What could be more fitting around Valentine’s Day than to address oxytocin, nicknamed the love hormone? While oxytocin is released during times of intimacy, it also plays a vital role in labor, birth, and postpartum.
What is Oxytocin?
Oxytocin, a hormone produced in the pituitary gland, is often referred to as the love hormone because it is released during times of bonding and partaking in intimate acts such as snuggling, sex, and labor. When we hug or kiss a loved one, oxytocin is being produced. In labor, oxytocin is responsible for the uterine contractions. As labor progresses, the pressure of the baby's head on the cervix and then the pelvic floor stimulates more oxytocin to be released, causing contractions to become stronger, more regular, and closer together. In a spontaneous labor where this process is able to take place unhindered, the mother's body is able to regulate the level of oxytocin production allowing for built in rest periods between contractions for the mother and baby.

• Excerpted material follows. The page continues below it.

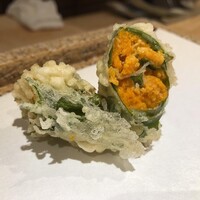 日本橋 蕎ノ字 - 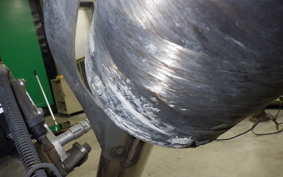 YAMAHA TRX850 1999 4NX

In addition to stimulating uterine contractions during labor, oxytocin does the same for women after birth. These contractions assist in the birth of the placenta and the shrinking of the uterus back to its normal size, helping to reduce the amount of bleeding postpartum. Mothers are often encouraged to take advantage of the golden hour following birth by practicing skin to skin contact and nursing as soon as baby is ready. The skin to skin contact and breastfeeding encourage the production of oxytocin to facilitate uterine contractions that will expedite third stage, but also promote healthy bonding between mother and baby.
Pitocin vs. Oxytocin
Pitocin, a synthetic form of oxytocin, is often given to mothers to induce or augment labor. While Pitocin is made to mimic the hormone oxytocin, it is not manufactured or regulated by the laboring mother’s brain, and therefore cannot act in exactly the same way naturally produced oxytocin does. For example, when oxytocin is secreted by the mother’s brain, her body is able to regulate how much is needed and provide rest periods between contractions. When Pitocin is used, it is administered continuously through an IV overriding the body’s production of the hormone. This often results in contractions that are too strong, too close together, and have a longer duration than what the mother’s body would experience naturally. As a result, the baby may experience undue stress, which can lead to a cascade of interventions.
Furthermore, when labor is able to happen spontaneously, the pressure of the baby's head on the mother's cervix stimulates oxytocin production, triggering contractions that result in effacement and dilation of the cervix. When used to induce labor, Pitocin may jump start a process that neither the mother’s body nor the baby are ready for, potentially resulting in a harder, longer labor than what nature intended.
Labors that are induced or augmented by Pitocin and lacking in the natural production of oxytocin interrupt the orchestra of hormones that takes place in a laboring woman’s body. By inhibiting the brain’s manufacturing of oxytocin, the production of endorphins is also overridden, robbing the mother of the hormones that provide natural pain relief.
Lastly, when oxytocin is able to be produced naturally, it peaks before birth, allowing a surge of the love hormone to facilitate a quicker, easier birth and promoting bonding with the baby immediately afterwards. Though it is still possible to bond with the baby when Pitocin is used through skin to skin and breastfeeding, the birthing mother still misses out on this peak of oxytocin regulated by the brain just before the birth.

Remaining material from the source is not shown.